New UP BJP president Keshav Prasad Maurya, 47, who carries the tag of being a Hindutva hardliner, on Tuesday made it clear that the 2017 Uttar Pradesh polls would be fought on the issue of ‘vikas’ (development) and not ‘mandir’ (temple).
“Temple isn’t going to be the issue in UP polls but development surely will,” Maurya said, interacting with journalists at the BJP head office in Lucknow on Tuesday, barely a day after taking charge of the post which he got because of his ‘humble background’, OBC caste and the strong RSS-VHP connection.
Maurya said that beginning from Allahabad, he was going to undertake statewide tours from Wednesday. He would give these tours a break around April 24 when he plans to sit down to finalize his team with whose help he plans to realise Mission 265 plus.
The BJP has never won 265 seats in UP. Since 2002, its graph has been falling regularly – 88 in 2002 to 51 in 2007 and an embarrassing 47 in 2012.
He ducked a query on whether the party plans to project a CM face in UP. “That is for the party high command to decide. My job is to help the party win at least 265 and more seats in UP,” he said.
Now that the BJP has settled for an OBC as its state chief, sources say the party high command is busy studying the prospect of projecting an upper caste leader as the party’s face in the UP polls. But the party hasn’t made up its mind on the issue so far.
During his UP visits, Maurya is expected to connect with non-Yadav backward castes in the state. These OBC castes form nearly 32% of UP’s electorate.
Maurya, a first-time Lok Sabha MP from Phulpur in Allahabad, again said that the criminal cases against him were political in nature.
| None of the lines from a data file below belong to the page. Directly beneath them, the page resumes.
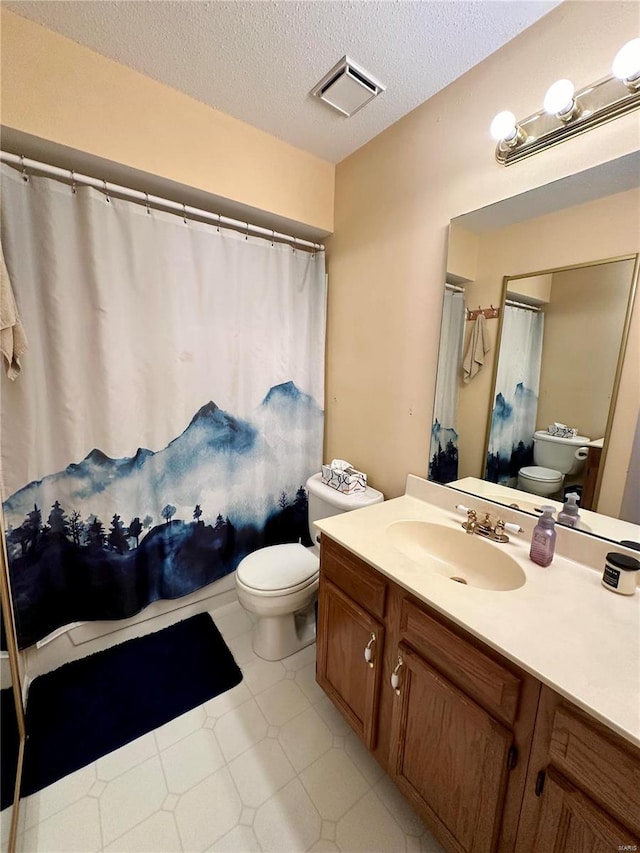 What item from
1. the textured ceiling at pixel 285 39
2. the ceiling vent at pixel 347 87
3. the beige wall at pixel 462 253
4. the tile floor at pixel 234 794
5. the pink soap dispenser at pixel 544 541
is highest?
the textured ceiling at pixel 285 39

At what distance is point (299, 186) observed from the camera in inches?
68.1

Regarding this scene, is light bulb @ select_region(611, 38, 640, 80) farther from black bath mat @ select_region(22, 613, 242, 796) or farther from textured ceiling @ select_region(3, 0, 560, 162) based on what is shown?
black bath mat @ select_region(22, 613, 242, 796)

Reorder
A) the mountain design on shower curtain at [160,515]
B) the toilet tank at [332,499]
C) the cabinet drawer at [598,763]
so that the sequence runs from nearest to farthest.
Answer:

“Now as my party and I take to the streets on people-centric issues, you may see more cases against my name. But I am not bothered. I will continue to fight for the common man,” he said. A section in the BJP feels that Maurya’s appointment would sully the party image.
Mauryas are a big OBC group which is not known to bear any loyalty to any major party in Uttar Pradesh; one of the reasons why the BJP chose to go with Maurya, ignoring several seasoned campaigners who were vying for the post.